We made the assumption that $f^{(k+1)}(x)$ is continuous, so if the domain of our PDE is nice ([compact](https://en.wikipedia.org/wiki/Extreme_value_theorem)), then we know that $f^{(k+1)}(x)$ is bounded on the domain, that is, there is some number $M$ for which $|f^{(k+1)}(x)| \leq M$ for all $x$ in the domain. Then we can bound $|R(h)| \leq \frac M {(k+1)!} h^{k+1}$. In practice, we don't know or care how big $\frac M {(k+1)!}$ is, only that it is finite.


This brings us to the standard notation for tracking asymptotic errors: [big O notation](https://en.wikipedia.org/wiki/Big_O_notation). Big O notation is often used to indicate that one function doesn't grow any faster than another function, and thus we can ignore all but the most quickly growing term. It is most commonly used to compare functions as the inputs go to infinity (for example, $x^2 = O(e^x)$ as $x$ goes to $\infty$), but we will use it as inputs go to $0$. We will also be using it for functions which may have more than one input. 

Formally, for functions $f(x, y)$ and $g(x, y)$, we say that $f$ is *big O* of $g$ (as $x$ and $y$ go to $0$), and write $f = O(g)$ or $f(x, y) = O(g(x, y))$ if there is a constant $C > 0$ such that whenever $x$ and $y$ are close enough to $0$, we have $|f(x, y)| \leq C g(x, y)$. The language "whenever $x$ and $y$ are close enough to $0$" is imprecise as written, and means that there exists some values $x_0$ and $y_0$ such that whenever $|x| < x_0$ and $|y| < y_0$, the statement $|f(x, y)| \leq C g(x, y)$ is true. This may be modified in a clear way for functions which have only one or more than two inputs.

In this text, we will never use big O to measure the growth of functions as their inputs go to infinity, so we will suppress the language "as $x$ and $y$ go to $0$." Some examples will be illustrative:
- $\sqrt{x^2 + y^2} = O(1)$ because if $|x| \leq 1$ and $|y| \leq 1$, then $\sqrt{x^2 + y^2} \leq \sqrt{1 + 1} \leq 2$. Note that "$1$" may be thought of as the function whose value is always $1$. 
- $5x^3 = O(x^3)$ because if $|x| \leq 1$ then $5 x^3 \leq 6 (x^3)$. This illustrates that we really need to be able to put a constant in front of the function inside of $O(\cdot)$, or else this could never work.
- $x^3= O(x^2)$. This is the example to pay attention to. If $|x| < 1$, then $|x^3|/x^2 = |x| < 1$, and we see that $x^3$ is smaller than $x^2$.
- $\Delta x^2 + \Delta x^3 + \Delta t + \Delta t^3= O(\Delta x^2 + \Delta t)$. When we are working with powers of the inputs, it is always the smallest power of that variable that is the limiting factor. 

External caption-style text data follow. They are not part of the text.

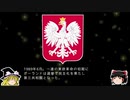 【ゆっくり解説】世界の国章39・ポーランド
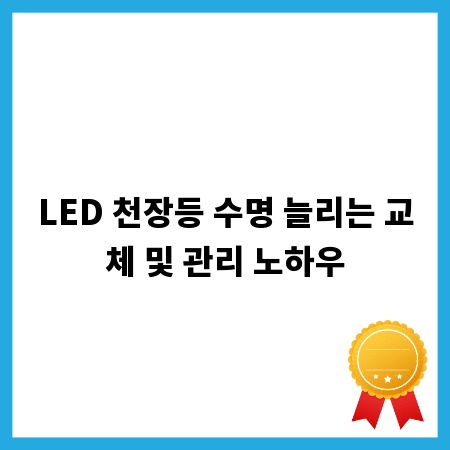 LED 천장등 수명 늘리는 교체 및 관리 노하우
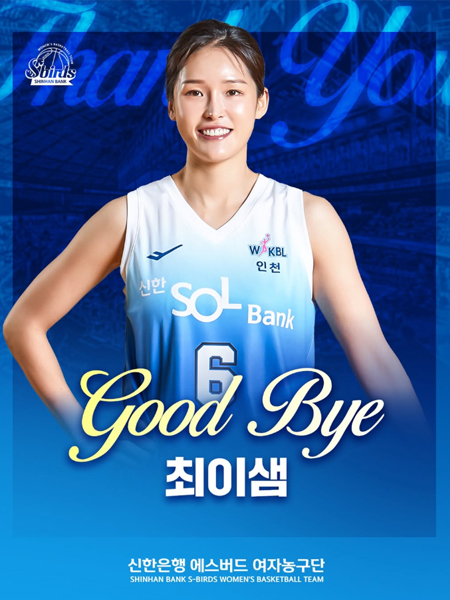 GOODBYE, 최이샘
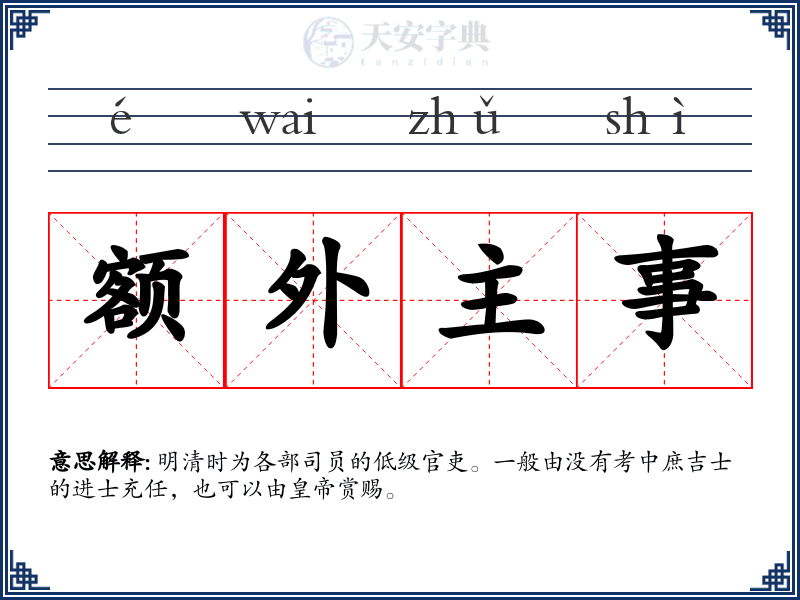额外主事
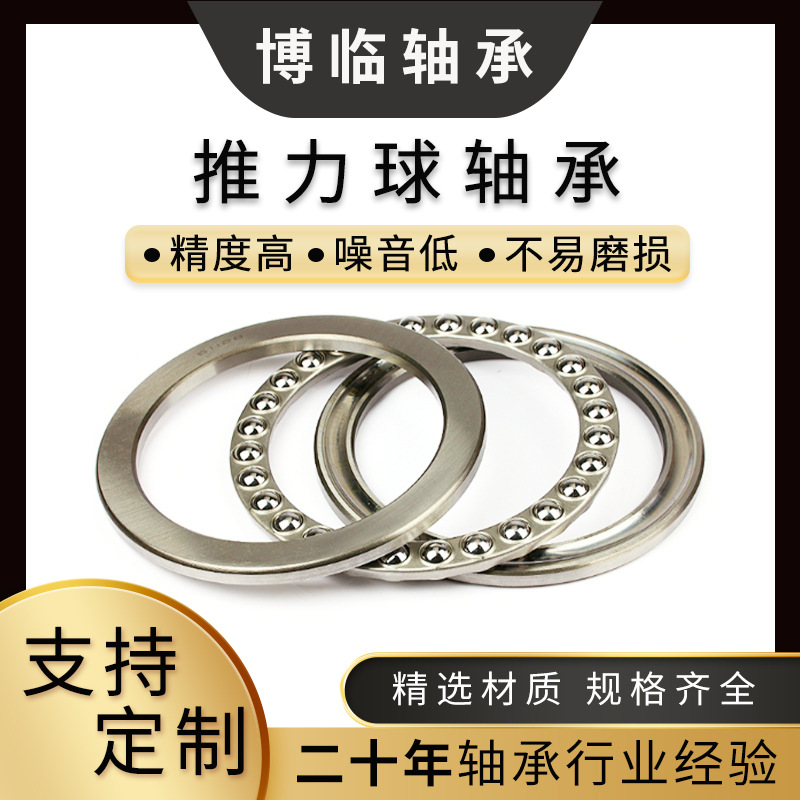 现货批发推力球轴承51328 51326 51324 51322 51320八类压力轴承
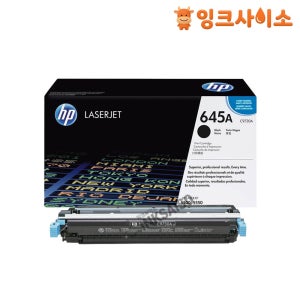 C9730A (HP 645A) 정품토너 검정 HP 칼라레이저젯 5500HDN 5550N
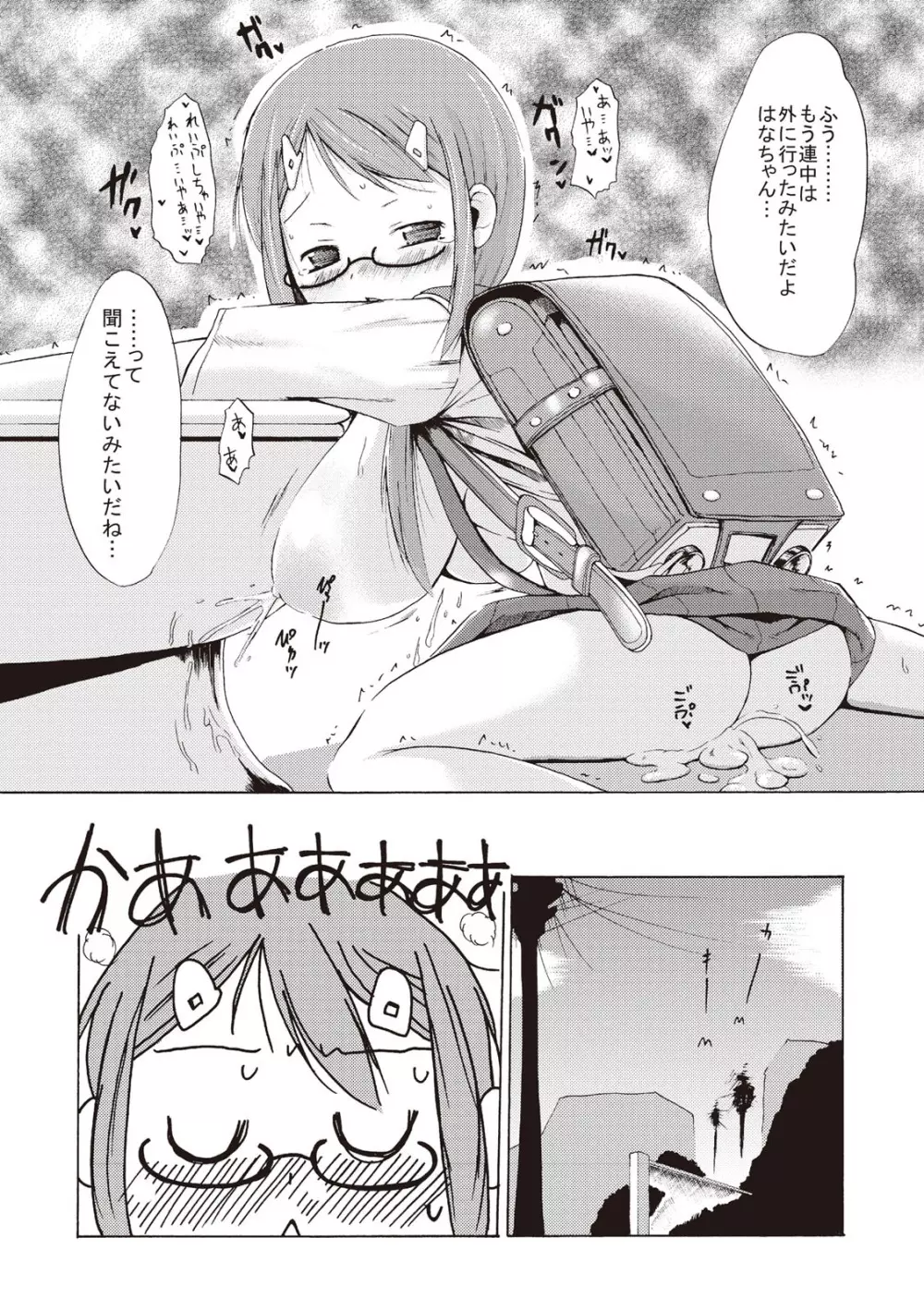 つりスカ少女とセックスする方法 Page.227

This allows us to precisely guarantee the accuracy of a Taylor approximation. For a second order approximation to a function $f$ with continuous third derivative, we have that $f(x+h) = f(x) + f'(x)h + f''(x)h^2/2 + R(h)$, where $R(h) = f'''(\xi_h) h^3/6$ for some $\xi_h$ between $x$ and $x+h$. We don't know exactly what $f'''(\xi_h)$ is, but we know that it is bounded by some constant $M$ (this uses the continuity of $f'''$ and compactness of the domain), and so $|R(h)| \leq h^3 M/6$. That is to say, $R(h) = O(h^3)$. This is a general fact about Taylor approximations: assuming the domain is nice and the derivatives are smooth, the $k$-th order Taylor approximation to $f(x+h)$ (which uses up to the $k$-th derivative of $f$) has error $O(h^{k+1})$.